Serra’s bones lie beneath the floor of the basilica at the Carmel Mission. The basilica has large arched ceilings and thick wood pews, and the gilded reredos features carved images of the Archangel Michael and the crucified Christ, among others. The figures look down toward the floor where a striking portrait of Junipero Serra leans against a balcony atop his final resting place. “Fr. Junipero Serra, Apostol de California,” reads his tombstone.
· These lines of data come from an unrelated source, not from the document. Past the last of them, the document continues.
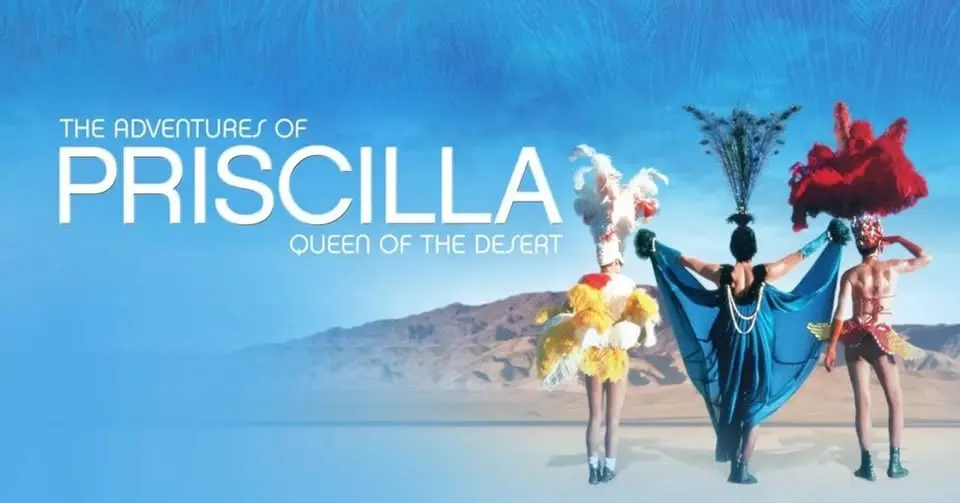 The Adventures of Priscilla, Queen of the Desert - A film for Northern Pride
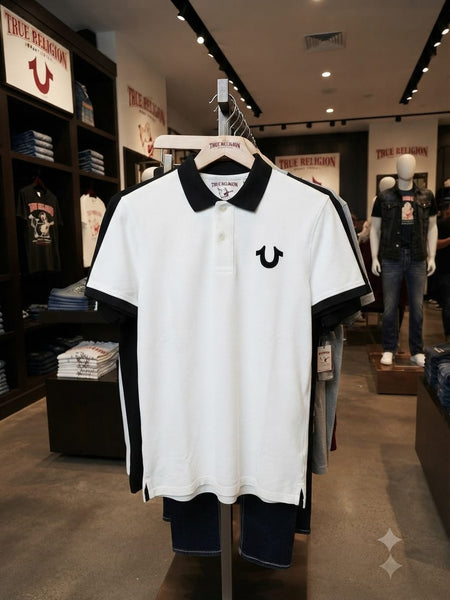 Premium Multi-Color Polo Shirt Collection – Classic Everyday Style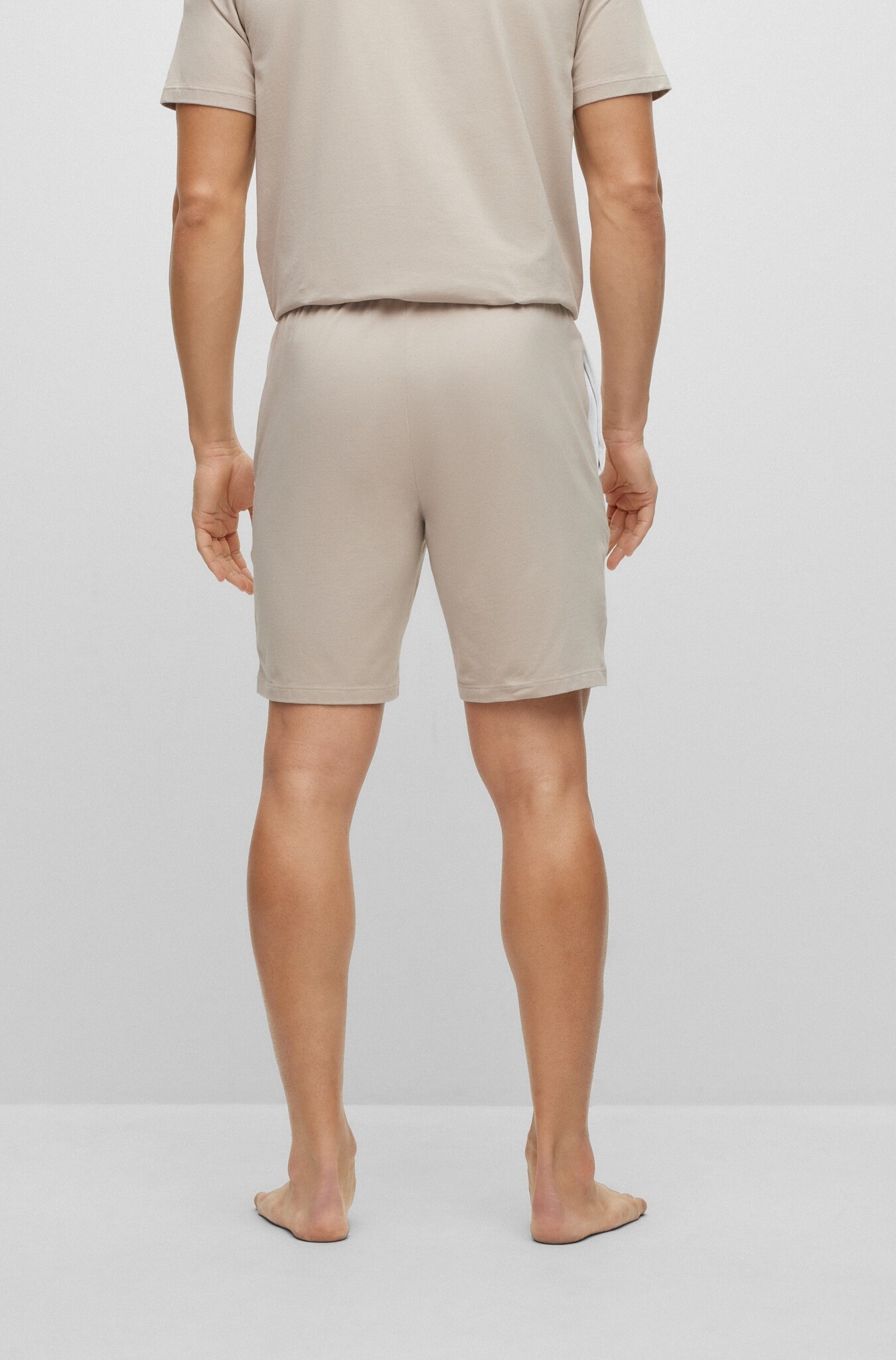 Hugo Boss shorts Hugo Boss 50469612-276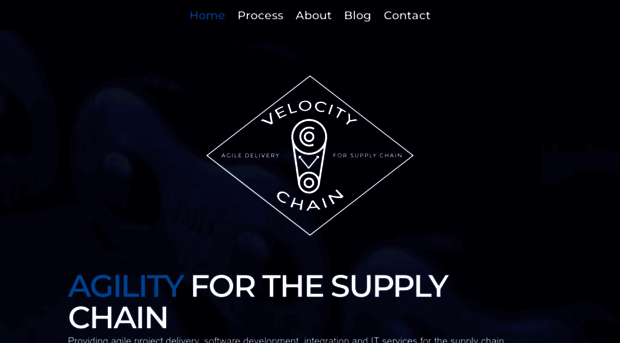 velocitychain.com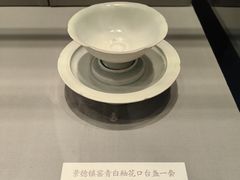 -北京大学赛克勒考古与艺术博物馆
A few yards outside the basilica is the cemetery. Most marked graves contain the bodies of Mexican missionaries or church officials and their loved ones. Ringing the cemetery’s north side are a series of mostly unmarked graves stuck with small wooden crosses and decorated with abalone shells. These are the graves of some of the Native Americans who died at the Carmel Mission. For those whose graves are long forgotten, a plaque remains to placate: “In memory of the Christian Indians and Spaniards who were interred in this cemetery between the years 1771–1833.”
*Update — September 23, 2015: A previous version of this article incorrectly stated where Junipero Serra was born; he was born on Mallorca.